_AIM OF THE TASK:_
Copy out each record that follows exactly, and omit any picture you find.

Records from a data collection
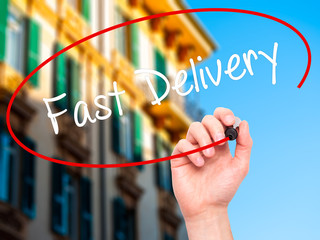 Man Hand writing  Fast Delivery with black marker 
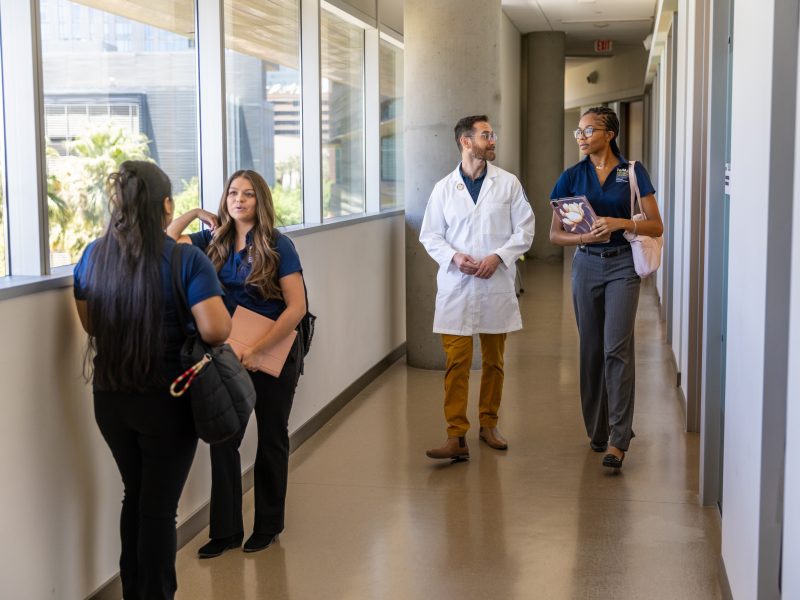 Four people standing in a hallway. Two are wearing white coats, one is wearing a blue uniform, and one is wearing a black uniform. They appear to be in a medical or healthcare setting.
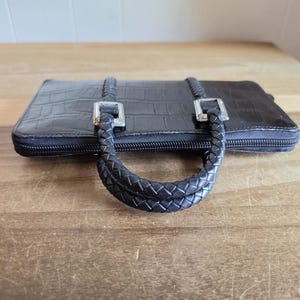 May include: A black rectangular wallet with a crocodile-embossed texture, featuring a zipper closure and two braided handles attached with silver-toned metal hardware. The wallet has a structured design with a smooth finish on the top surface.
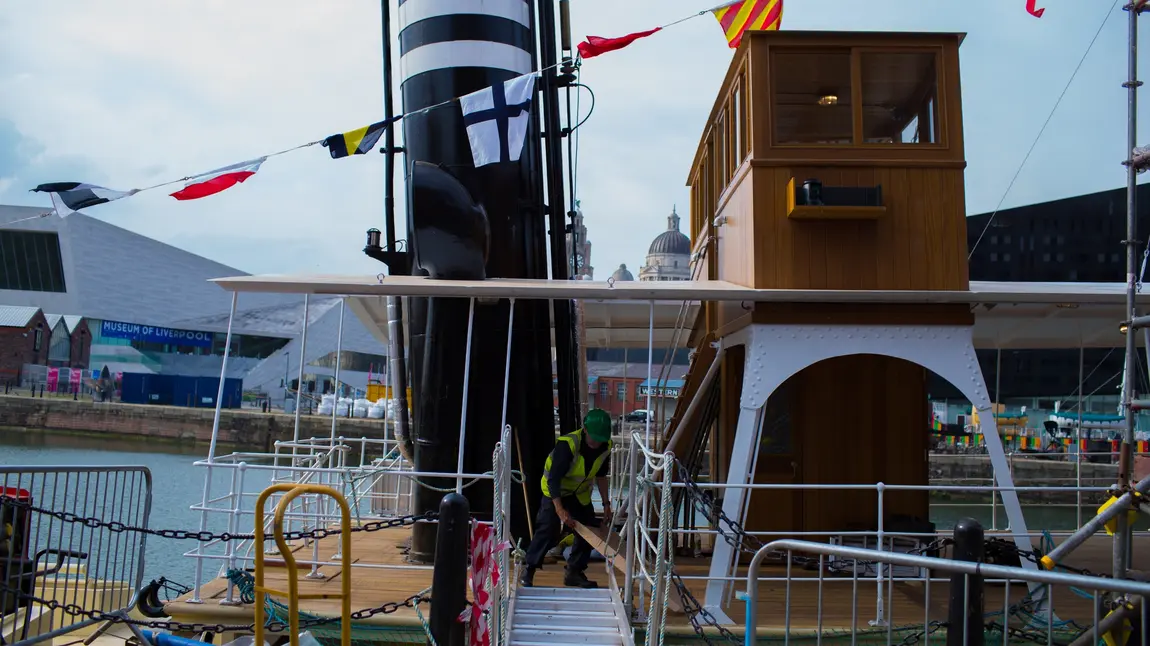 Volunteer Dave Lowles working on board the Daniel Adamson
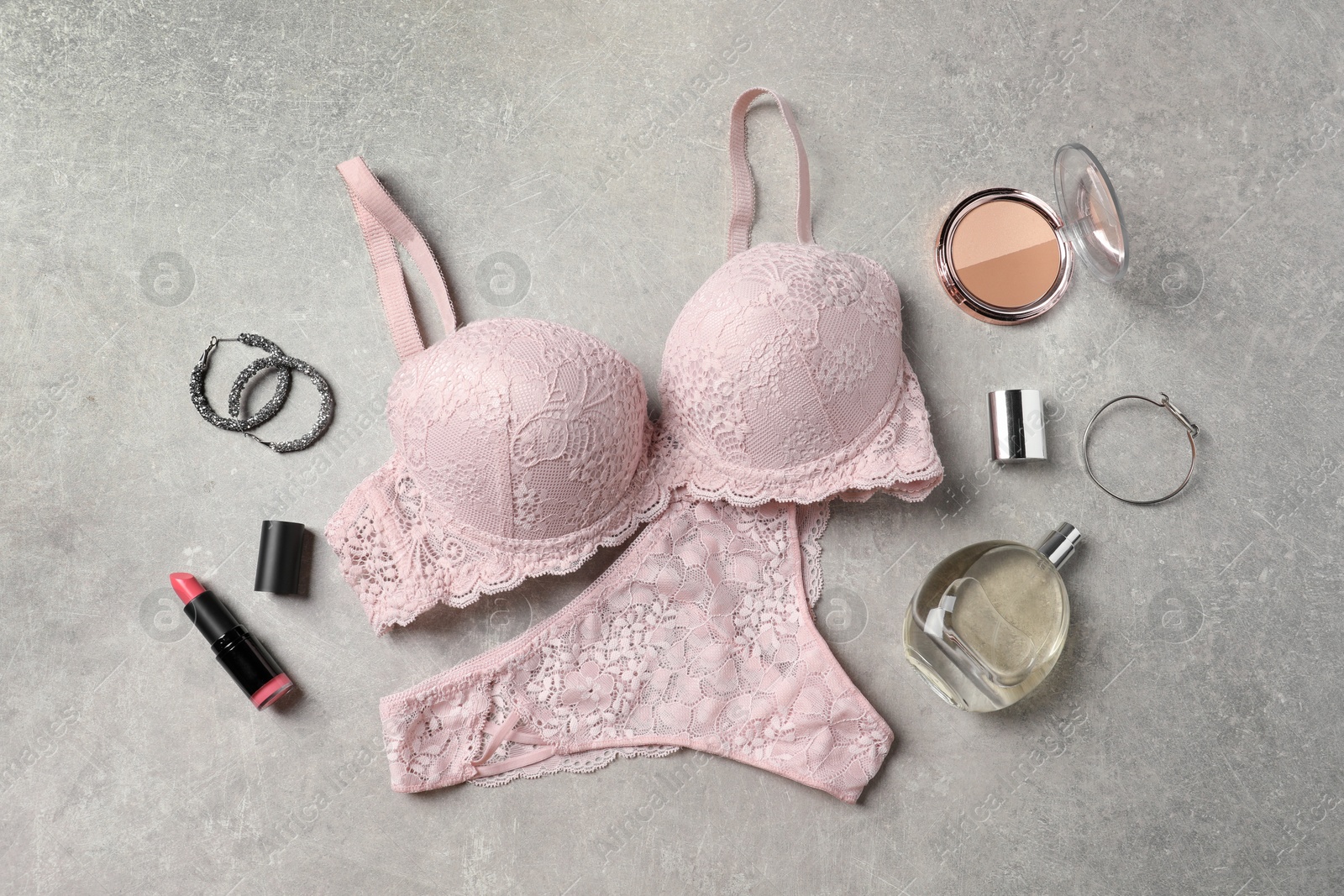 Photo of Beautiful lace lingerie and accessories on grey background, flat lay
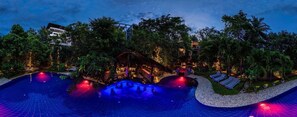 Vista nocturna de un complejo turístico con un amplio área de piscina, sillas de descanso y una terraza de madera.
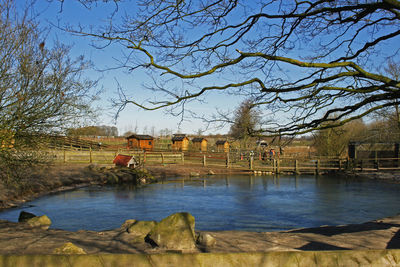 Wet bridge over river against sky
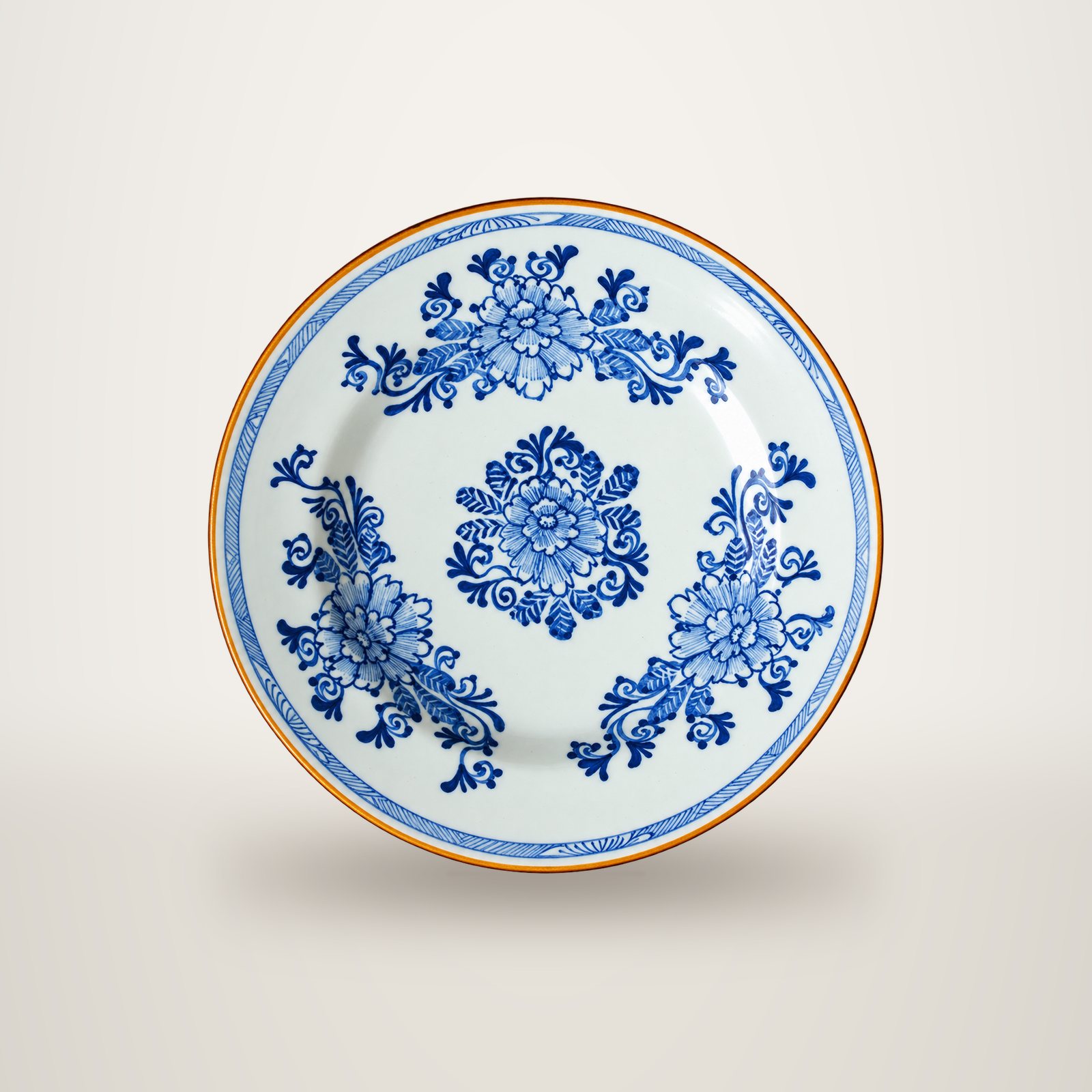 Assiette ancienne en faïence blanche ornée de fleurs bleues peintes à la main, avec un bord brun doré.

_TASK RESPONSE:_
 Man Hand writing  Fast Delivery with black marker 
 Four people standing in a hallway. Two are wearing white coats, one is wearing a blue uniform, and one is wearing a black uniform. They appear to be in a medical or healthcare setting.
 May include: A black rectangular wallet with a crocodile-embossed texture, featuring a zipper closure and two braided handles attached with silver-toned metal hardware. The wallet has a structured design with a smooth finish on the top surface.
 Volunteer Dave Lowles working on board the Daniel Adamson
 Photo of Beautiful lace lingerie and accessories on grey background, flat lay
 Vista nocturna de un complejo turístico con un amplio área de piscina, sillas de descanso y una terraza de madera.
 Wet bridge over river against sky
 Assiette ancienne en faïence blanche ornée de fleurs bleues peintes à la main, avec un bord brun doré.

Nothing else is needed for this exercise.